When Lynn was little and everything was an object lesson in The True Meaning of Christmas, we always chose something for a child her age as well as adults like me and Ron. We shopped together for the gifts, wrapped them, and placed them on the table, and remembered the unnamed recipients in our family prayers. Over the years we’ve bought Harry Potter books, blank journals, Dallas Cowboys sweatshirts, boxed chocolates, and (in years when we were really pressed for time) the occasional generic gift certificate at the Colonial Park Shopping Center.
Because Lynn is away this year, I was left to carry on this tradition alone. I chose to get a “twin sheet set for an adult woman” and, because I miss my tiny baby so much, “soft blocks and stacking/nesting cups for a 16-month-old.”
The sheet set was easy. I took a 20% off coupon to Bed, Bath & Beyond and got a very nice 400-count Egyptian cotton blend set in a soft ivory for $25. Then it was off to Toys-R-Us for the baby toys.
To tell you the truth, I had planned to go to a toney specialty store, perhaps one in our new collection of “lifestyle shops” on the hill above Lynn’s high school. (A “lifestyle shop” is a store that sells stuff no one actually needs. Susquehanna Township’s new shopping destination has two jewelers, an upscale baby outfitter where the cribs cost $2500, a Talbott’s, a J. Jill, a Coldwater Creek, an Anne Klein Loft, two men’s clothiers, a Williams-Sonoma, and a Starbuck’s.) But I ran out of time, and since there was a Toys-R-Us in the same shopping plaza, I walked over there.
I haven’t been to Toys-R-Us in about ten years, since things for Lynn were better found at Circuit City or a good book store. I thought going in there again would be nostalgic. It wasn’t.

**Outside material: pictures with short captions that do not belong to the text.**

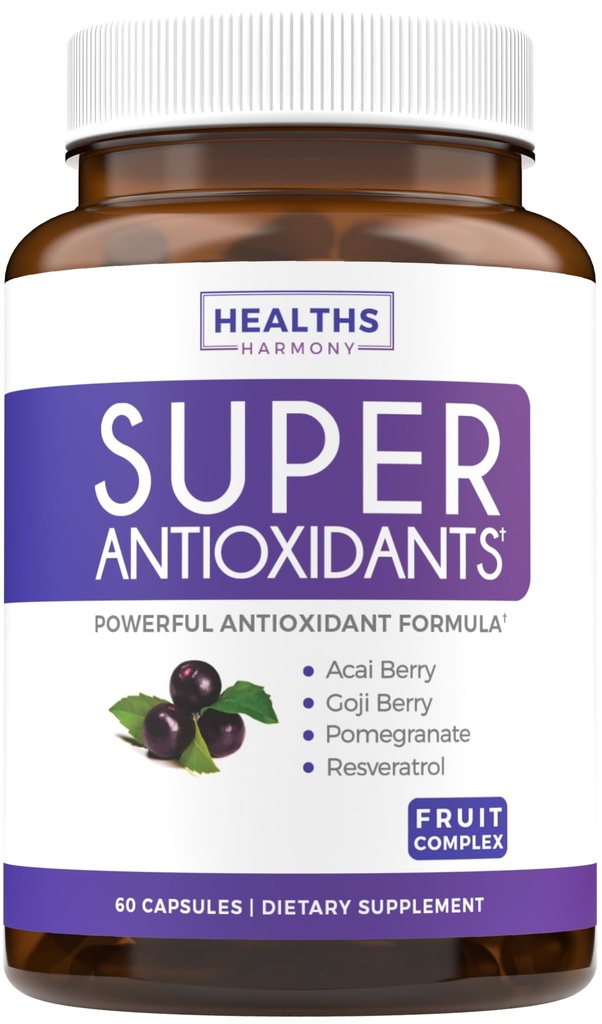 Super antioxidanter supplement til kvinder & mænd - høj potens Herbal & Fruit Blend med Acai, Goji, Pomegranat, Elderberry & Resveratrol til hudpleje & immunforsvar - Vegan & Non- GMO - 60 kapsler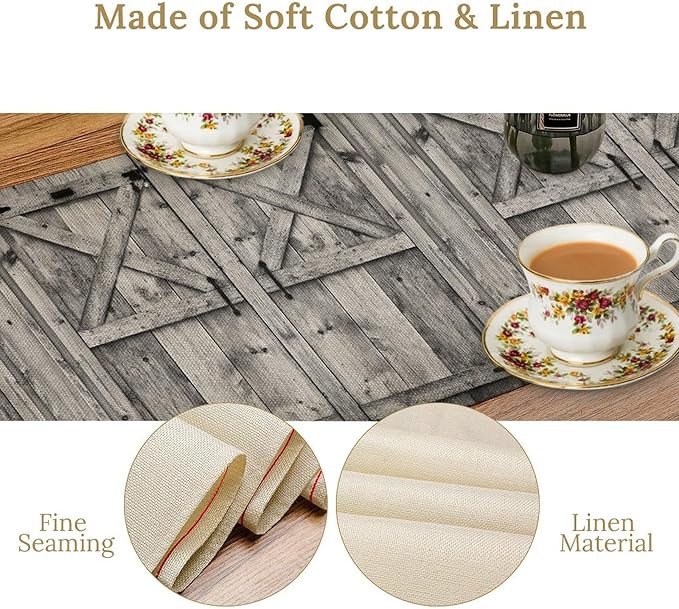 Rustic Barn Door Table Runner Farmhouse Wooden Door Wood Vintage Theme Print - Image 5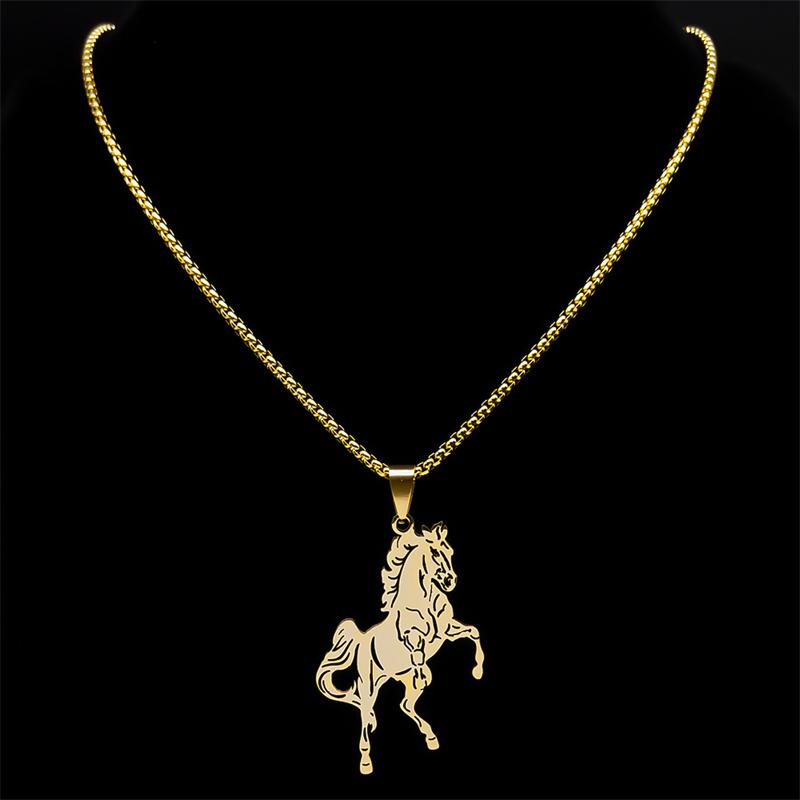 Aesthetic Horse Animal Necklace for Women Men Stainless Steel Gold Color Neck Chain Collar Party Wedding Gift Jewelry N3224S01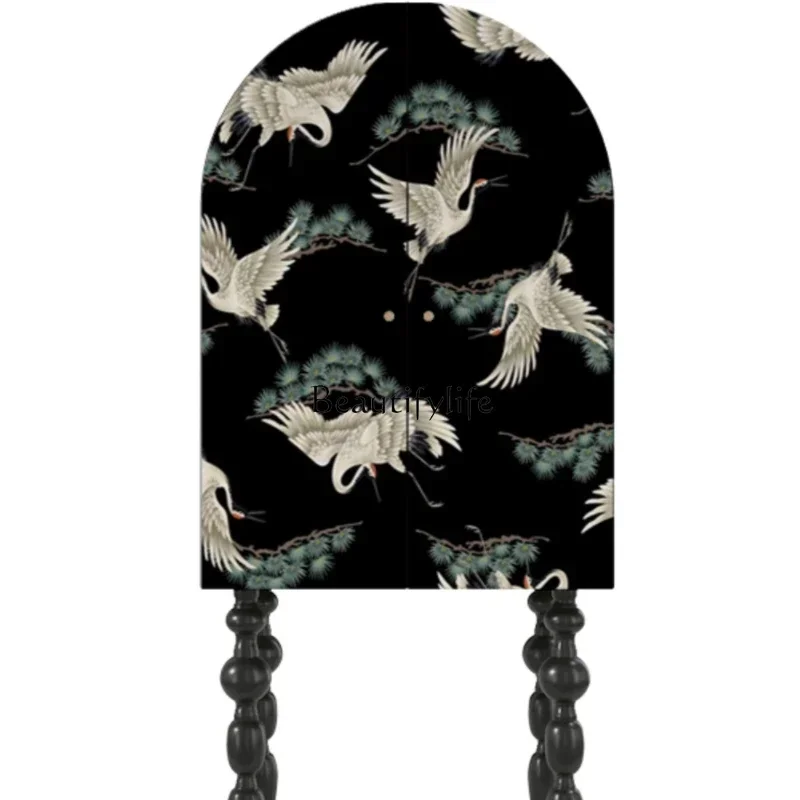 yj39 خزانة جانبية من الخشب الصلب بتصميم إبداعي وخزانة تحف كلاسيكية عالية القدم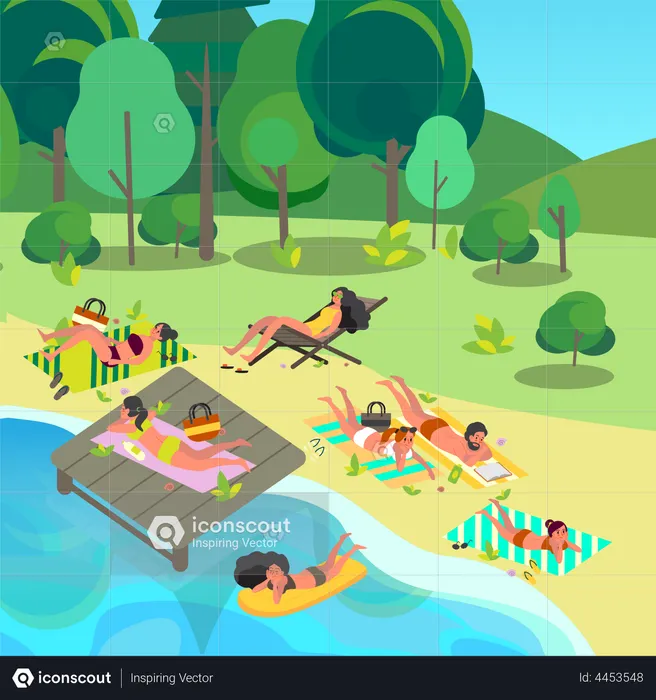 People lying on beach  Illustration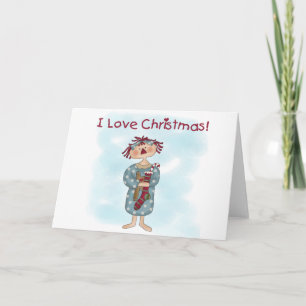 Raggedy Ann jul Helgkort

Everything in the infant and toddler section is labeled (usually in more than one language) a “learning toy.” They all do something. They beep or they buzz or they flash colored lights. There are devices for warming the baby wipes and more kinds of feeding implements than there are foods to give the child. There are things to lock other things up (like the lid of the toilet) and alarms to tell you if the lock has been defeated.
I did find a set of soft blocks that didn’t need batteries. But I never did find a set of nesting cups. (Lynn had one that she loved. I think we still have them.) So I bought a set of food storage containers in graduated sizes, with snap lids. They’re intended for use by adults to transport the child’s snacks (those containers of Cheerios and Goldfish crackers and raisins that you use to buy children’s cooperation), but it was the best I could do.
I took the things to church this morning, along with a hideous Santa-shaped ceramic cookie jar that was foisted upon me as a “free gift” for buying over a certain dollar amount at a cosmetics counter. If I’d known I was getting that I wouldn’t have bought the second item. I slipped it under the table when no one was looking, hoping that the committee members would be able to find a recipient for it. But I felt bad. Even poor people shouldn’t have to own something that ugly.